Boys grammar school in County Tyrone, Northern Ireland

The Christian Brothers Grammar School, Omagh is a state funded 11–18 boys grammar school in Omagh, County Tyrone, Northern Ireland. It is the largest grammar school in Omagh, and is under the trusteeship of the Edmund Rice Schools Trust (NI). On 14 January 1881 the school officially opened, with 121 boys presenting themselves for admission.

The school was founded on 14 January 1861, on Mount St. Columba by "The Brothers" who were in the town of Omagh, who established the school after being given the responsibility of ensuring that education was gratuitous and the students had free admission on entry. The school is known locally as "The Brothers, Omagh CBS" or Scoil Ghramadaí na mBráithre Críostaí, An Omaigh, which is its native name in Irish.

==History==
===Establishment===
The school was founded on 14 January 1861, on Mount St.
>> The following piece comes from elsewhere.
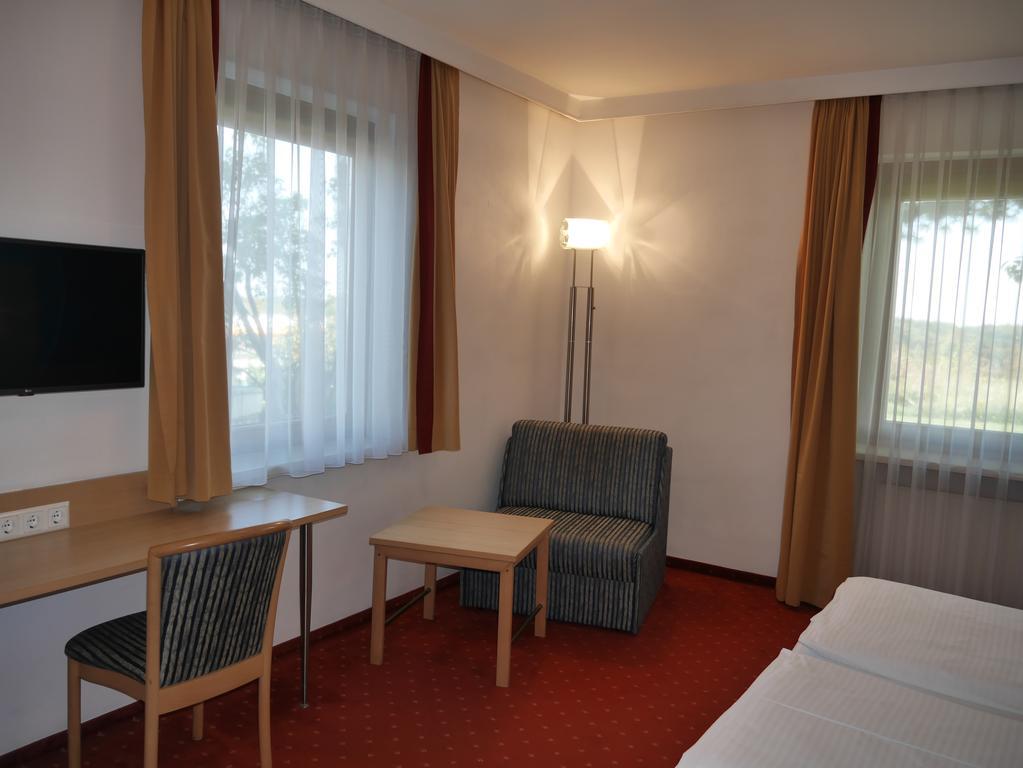 Hotel Garni Hoechschmied Lassnitzhoehe Екстериор снимка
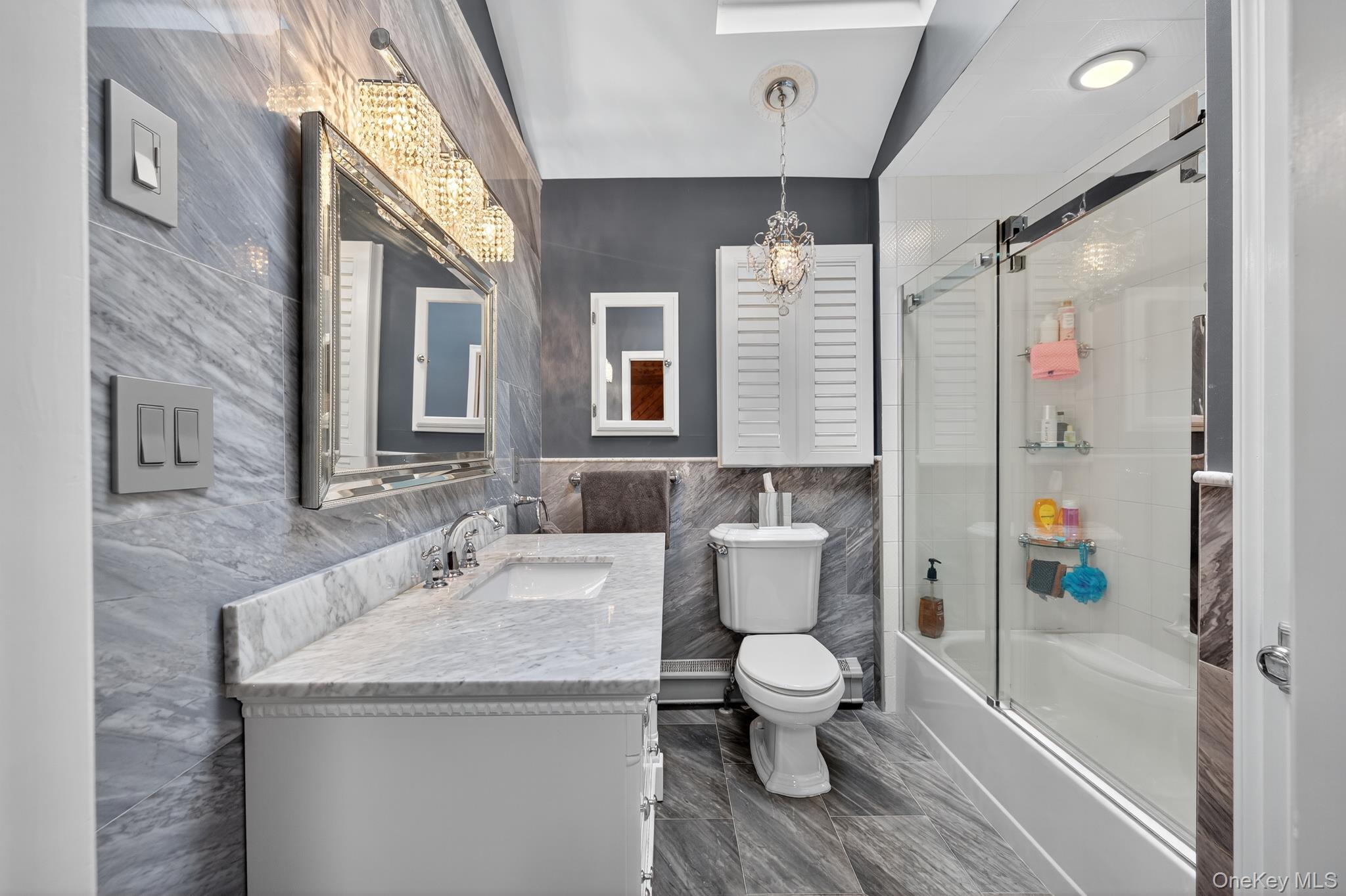 Single Family 8th  Suffolk County, NY 11716, MLS-931704-30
Columba. "The Brothers" in Omagh were given the responsibility of ensuring that "Education be gratuitous and the admission free." On 14 January 1861 the school officially opened, with 121 boys presenting themselves for admission.

===Growth and extension===

An extension was completed to the original building in 1903 as the school community continued to grow. The extension consisted of a second floor to the school and a third to the brothers' house. This came at the time at a considerable cost of £1,200, partly financed by an £800 loan from past pupils. Operations of the school were moved to old Church, Brook Street while construction was under way. Once finished the renovations provided the school with three more rooms; one for Manual Instruction, a sixty student accommodating classroom and a room with all the necessities for Practical and Experimental Science. By 1932, a new building was constructed to accommodate 125 Secondary School pupils and 6 teachers (2 Brothers), with the full site also consisting of 210 Primary School pupils and 6 teachers (5 Brothers).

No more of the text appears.